Then, reading each operation file recorded in the operation content of the current block, sequentially finding the data added by each operation file at the current time, and checking whether the account number signature written in the data is consistent with the account number recorded in the current block; if the operation file is inconsistent with the operation file, returning information that the verification is not passed, and if the operation file is consistent with the operation file, continuously checking whether the existing account number of the data written into the data line number range before the current addition is consistent with the information recorded in the operation result of the last block; if the consistency indicates that the existing data of the original file is not modified, continuously checking whether the added content is consistent with the operation content, otherwise, indicating that the existing data of the original file is tampered, stopping checking, and returning the information that the checking fails.
Finally, reading each operation file in sequence, and checking whether the added information is consistent with the operation content and the operation result recorded in the block at the time; if the verification information is consistent with the verification information, returning the verification information; otherwise, returning the information that the verification fails.
The method for verifying the authenticity of the new operation comprises the following steps:
checking whether the file name, the generation time and the occupied storage capacity information of each file recorded in the operation result of the last block are consistent with the file name, the generation time and the occupied storage capacity information recorded in the operation content of the block at this time in sequence, and detecting whether the file range is complete; if the information is consistent and the file range is complete, the original file in the shared data table is not modified, and the operating result is not found to be inconsistent with the operating content, and the verification is continued; otherwise, the original file in the shared data table is tampered, the verification is stopped, and the information that the verification fails is returned.
Checking whether the files which are not recorded in the operation result of the last block are recorded in the operation content of the block, and checking whether the account number signature and the generation time file content in the data files are consistent with the operation source account number and the generation time information recorded in the block in sequence, and whether the operation result corresponding to the operation content is consistent with the information recorded in the operation result of the block; if the operation result is consistent with the operation content, returning the information passing the verification; otherwise, the operation result is not consistent with the operation content, and the information that the verification fails is returned.
The method for verifying the authenticity of the deletion operation comprises the following steps:
when the operation content is 'All', checking whether a file is stored under the path of the shared data table; if the file is not stored, the data of the shared data table is completely deleted, the operation result is in accordance with the operation content, and the information that the verification is passed is returned; otherwise, the operation result is not consistent with the operation content, and the information that the verification fails is returned.
When the operation content is a file list, checking whether a file in the list is stored under the path of the shared data table, if the file in the list is not found, indicating that the file in the list is completely deleted, and if the operation result is not found to be inconsistent with the operation content, continuously checking; otherwise, the operation result is not consistent with the operation content, the verification is stopped, and the information that the verification fails is returned.
Detecting whether the file name, the generation time and the occupied storage capacity information of the file still stored under the path are consistent with the file name, the generation time and the occupied storage capacity recorded in the operation result of the last block or not; if the operation result is consistent with the operation content, returning the information that the verification is passed; otherwise, the file which is not deleted in the shared data table is tampered, and the information which is not verified is returned.
S6, each sharing end updates the block chain to the latest state and stores the block chain; meanwhile, the distributed file system hdfs updates the modified content.

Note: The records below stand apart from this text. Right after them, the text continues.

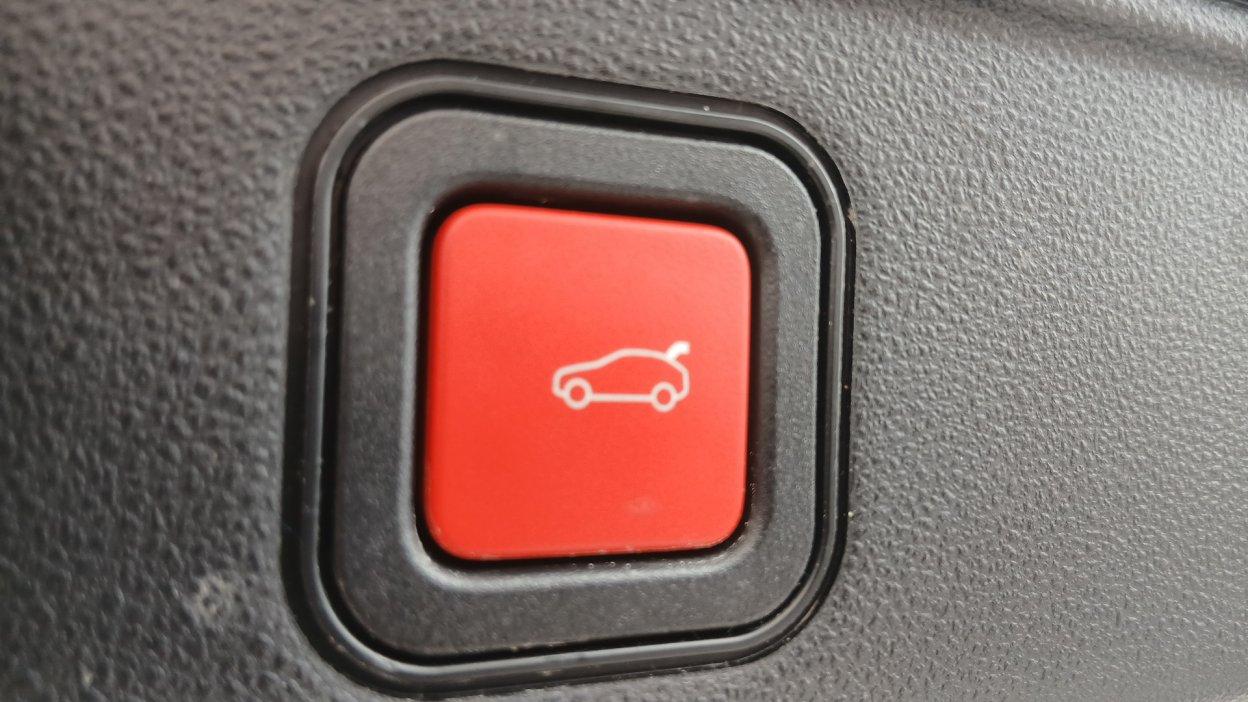 FIAT 600 (2023-->) - 600 Hybrid 110 CV DCT MHEV La Prima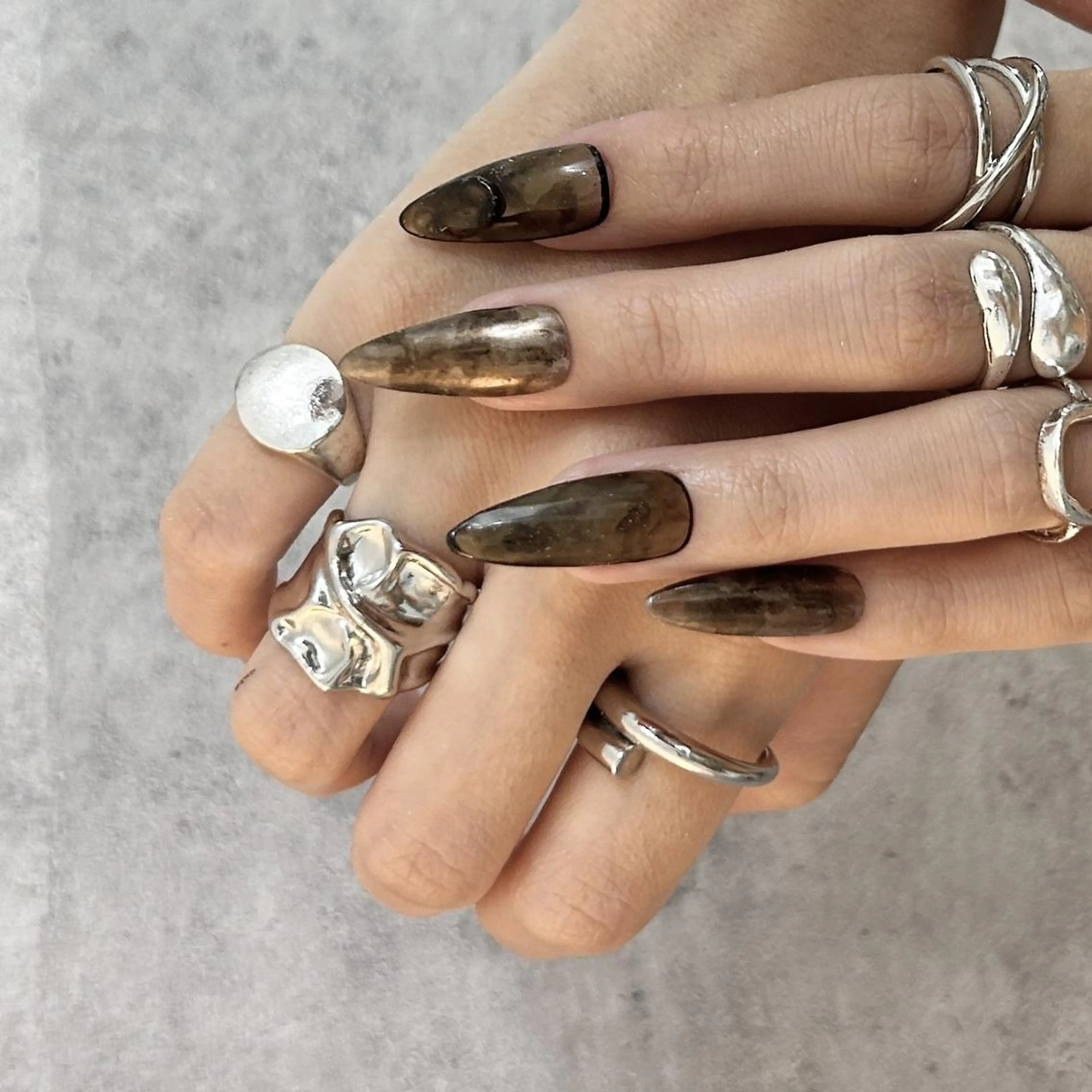 ネイル Ray. ちゅるん系ニュアンスのエステ・リラクイメージ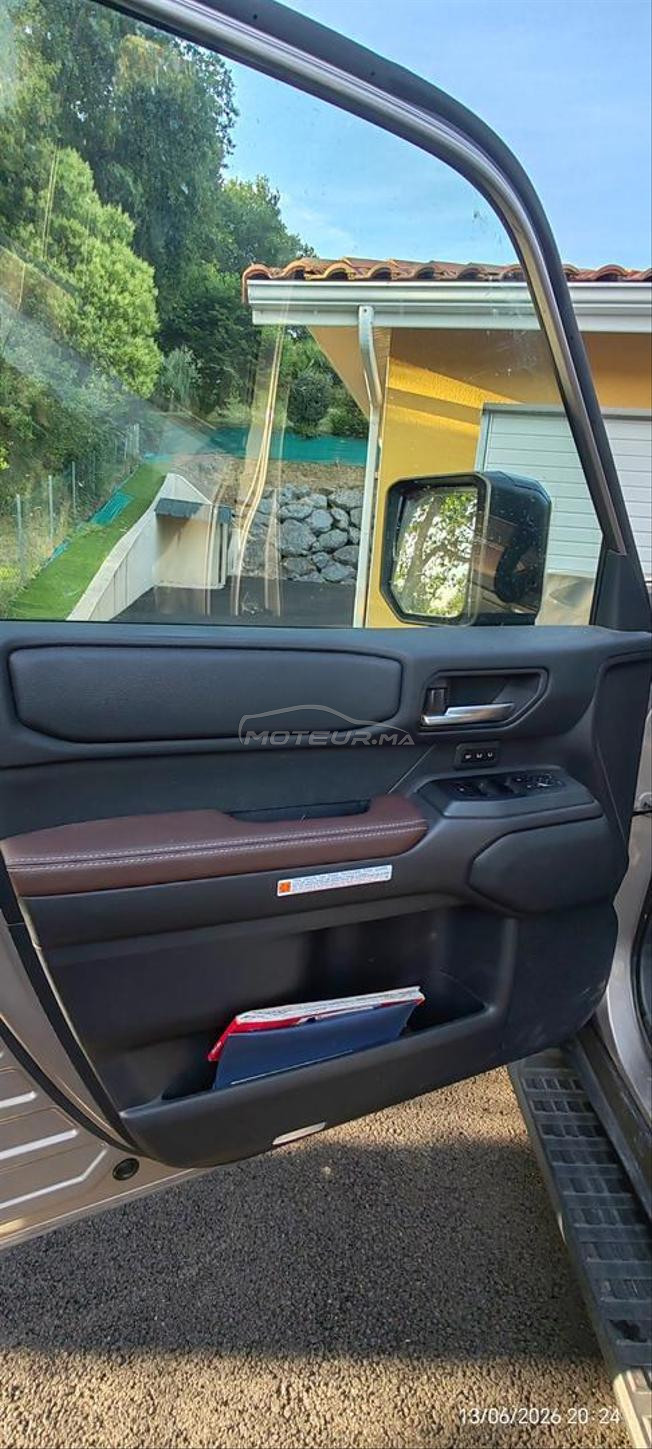 Toyota prado ultimate neuf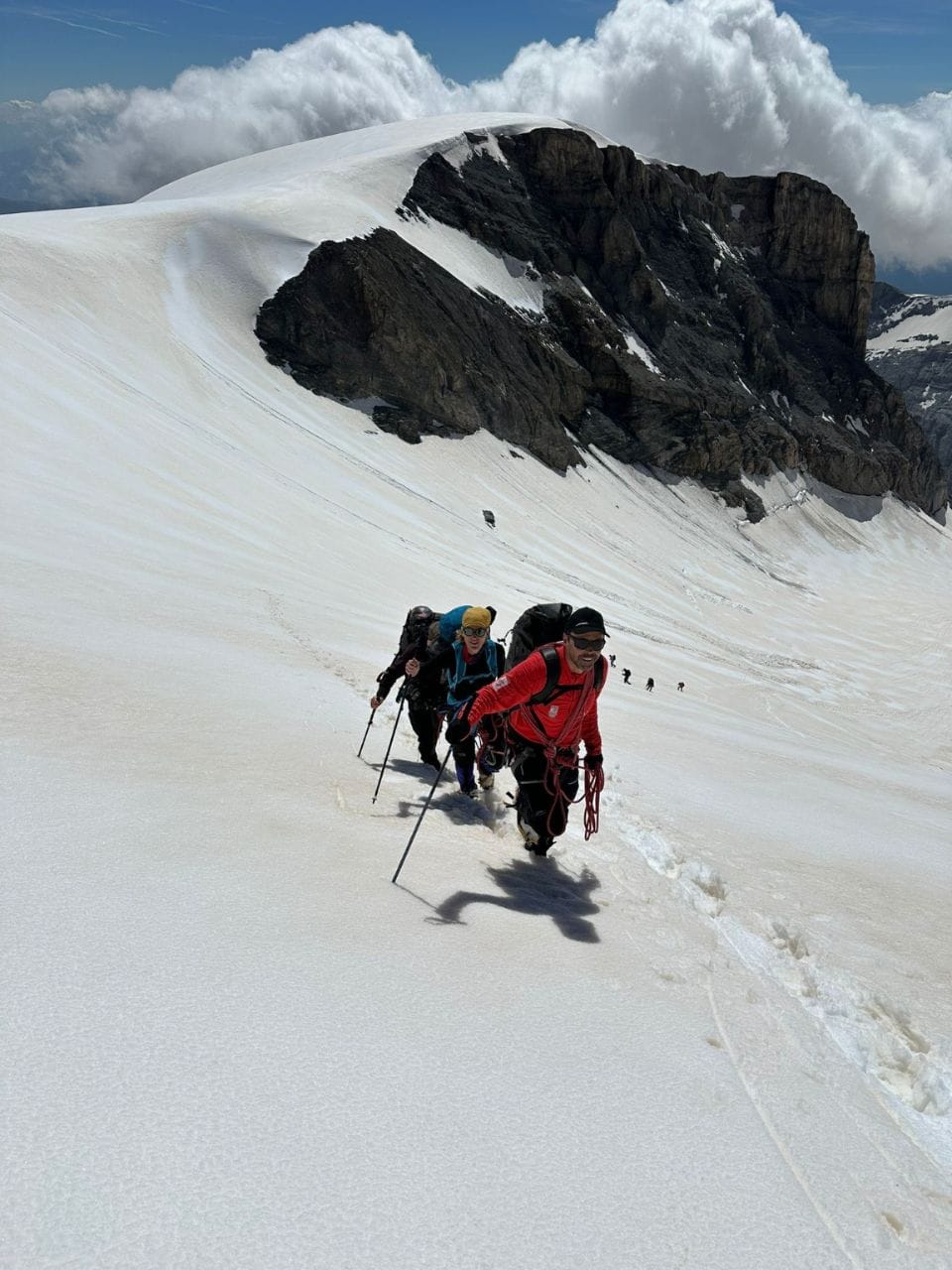 Besteigung Piz Russein / Tödi: Bergsteigergruppe auf schneebedecktem Gipfel.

The method comprises the following specific steps:
the control center informs all sharing ends of the shared data table T that the check is passed, and all sharing ends of the shared data table T respectively update the block chains to the latest state and store the block chains, and return confirmation information to the control center; the control center informs the account A of completion of modification, and files and recovers the disposable token to complete the modification operation; and meanwhile, the control center issues an instruction for overwriting the written new data, firstly locks the path of the shared data table T in the hdfs of the distributed file system, refuses any application access, then deletes the data file under the path, then moves the copy data of the modified shared data table in the cache region for modification to the path of the shared data table T on the big data file system, and finally unlocks, allows the application access and completes the data overwriting operation. Because the distributed file system hdfshdfs only needs to modify hdfs metadata and does not need real moving data when deleting and moving data file operations, the efficiency is very high (basically completed in milliseconds), and the account number and the application are basically unaware.
S7, restoring the data of the shared data table to a state before modification, and enabling each sharing end to discard a new block chain; and the initiating end discards the block of this time and returns the block chain to the state before modification. The method comprises the following specific steps:
the control center broadcasts operation failure information to each sharing end of the shared data table, initiates a rollback operation to the distributed file system hdfs, deletes the duplicate data of the shared data table in the cache region, and copies a copy of the data of the shared data table from the original path on the hdfs and places the copied data in the path of the cache region, so that the data is restored to a state before modification. After each sharing terminal receives the failure information, discarding a new block chain; the initiating end also discards the current block and returns the block chain to the state before modification.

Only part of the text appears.